This article, by Anthony Lane, was originally publishd in the Colorado Spprings Independent, April 13, 2009
Since ditching the Army and the Iraq war two years ago, Kim Rivera has seen some things go her way.
The former Fort Carson soldier and her family found a new home in Canada, along with supporters to help them plead their case. From Toronto, the mother of three watched as American anti-war sentiment helped launch Barack Obama to the presidency.
But even as sentiment and sympathy align, the Texas native faces possible deportation, and imprisonment back in the States. Borys Wrzesnewskyj (pronounced rez-NEV-skee), a member of Canada's Parliament, says efforts to stop his country's government from deporting Rivera and hundreds of other Army deserters seem to be going nowhere.
"The government is standing shoulder to shoulder with the former Bush administration," Wrzesnewskyj says.
Given that the Obama administration has shown no sign of easing up on deserters, Wrzesnewskyj says, his question for Canada's conservative government is simple: "Why would you send this mother to prison and separate her from her three small children for taking a principled stand against an unjust war?"

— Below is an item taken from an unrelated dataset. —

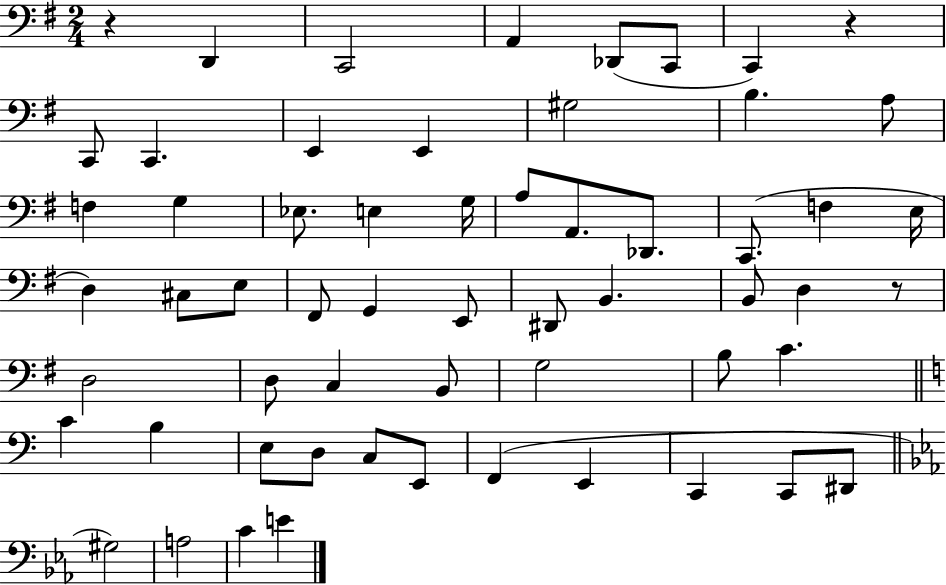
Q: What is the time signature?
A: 2/4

Canada's minority government, led by Prime Minister Stephen Harper, has deported at least four U.S. deserters since July over the objection of a majority in Parliament who have voted twice to let the them stay. Robin Long, another Fort Carson soldier, got wide publicity as the first to be deported, and he is now serving 15 months in a California military jail.
Rivera was preparing to be deported March 26 before a Canadian federal judge granted her an emergency stay of removal, based on the similarly harsh sentence she could get in the U.S. She is now waiting to find out if the courts will review her application for refugee status in Canada.
"It gives me another day to fight," Rivera said in a March 25 press conference.
Though Rivera could not be reached for this story, she told the Dallas Observer that she joined the Army mostly to provide a better living for her family than she could by working at Wal-Mart. She later found she objected to the war effort and missed her loved ones.
Her publicity could hurt her if she's deported. Lee Zaslofsky, national coordinator of the Toronto-based War Resisters Support Campaign, says Long's outspokenness against the war could explain his 15-month sentence, nearly twice what another Fort Carson deserter received and longer than those of some soldiers who have admitted to taking part in the murder of Iraqi civilians.
Strictly speaking, desertion is punishable by death during time of war, though the Army has not tried to go that far. The first year of the Iraq war, 2,610 soldiers deserted. That number climbed to 4,698 in the year between October 2007 and September 2008. Most deserters just try to lie low in the States; those who avoid speeding tickets or other law-enforcement contact run little risk of getting scooped up by the Army.
Though many Vietnam-era deserters and draft-dodgers were later forgiven, few expect that to happen for modern-day deserters, particularly while combat continues. And despite Obama's position that soldiers shouldn't have been sent to Iraq to begin with, Army spokesman Lt. Col. George Wright says he's unaware of any plans to change treatment of those soldiers who opted out on their own.